Feds: Philadelphia DA too easy on man convicted in shooting

The Philadelphia district attorney's office went too easy on a gunman convicted of shooting and nearly killing a store owner, federal prosecutors asserted Thursday as they filed their own charges against the defendant.

Jovaun Patterson, 29, pleaded guilty to using an AK-47 rifle to shoot the store owner during an attempted robbery in May. Under the plea deal with city prosecutors, Patterson was sentenced to a minimum of three-and-a-half years in state prison. The sentence dismayed the victim, Mike Poeng, who was shot in the groin, left unable to work and wound up having to sell his store.

U.S. Attorney William M. McSwain, who has clashed with Philadelphia District Attorney Larry Krasner, announced Thursday that Patterson faces federal robbery and weapons charges in the shooting, philly.com reported.

McSwain accused the DA's office of offering "sweetheart deals to violent defendants," saying Krasner's policies embolden potential criminals to think "they can literally get away with murder." McSwain, an appointee of Republican President Donald Trump, blamed Krasner's policies for an uptick in homicides in the city.

Krasner, a first-term Democrat who ran on a platform of progressive criminal justice reforms, said he welcomed the federal prosecution of Patterson but rejected blame for the increase in homicides.

"We are in the middle of an opioid epidemic," Krasner said at his own news conference. Criticizing McSwain's comments, he added: "It is highly inappropriate to frighten the people who live in Philadelphia."

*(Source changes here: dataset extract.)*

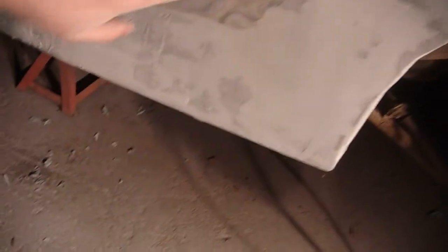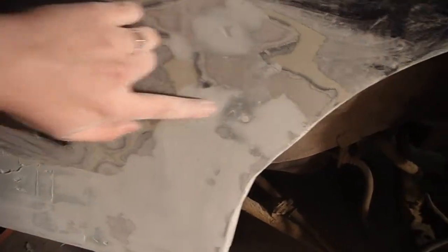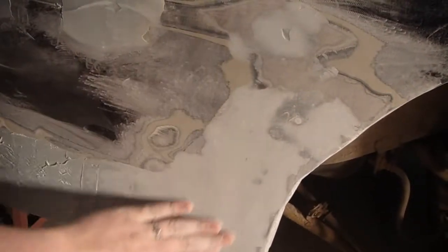So you feather-edge everything so you get all the different wires and you don't feel any edges. If you look right here, it's a rivet, so I need to come down here with another little bit, just a skim coat. Feather-edge it like I'm doing here, come down.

Earlier this month, McSwain filed suit to stop a nonprofit from opening a first-in-the-nation supervised drug injection site to address the city's opioid problem. Krasner, who had visited a safe injection program in Vancouver, British Columbia, said McSwain was advocating the failed drug policies of the past and declared: "We are not going to prosecute people who are trying to stop people from dying."

McSwain has also criticized Philadelphia officials over their "sanctuary city" immigration policy.

In December, Krasner told The Associated Press that McSwain had adopted Trump's "shrill" style, adding: "I don't think it's constructive for him to throw rocks, but I'm also not going to be silent when he throws them."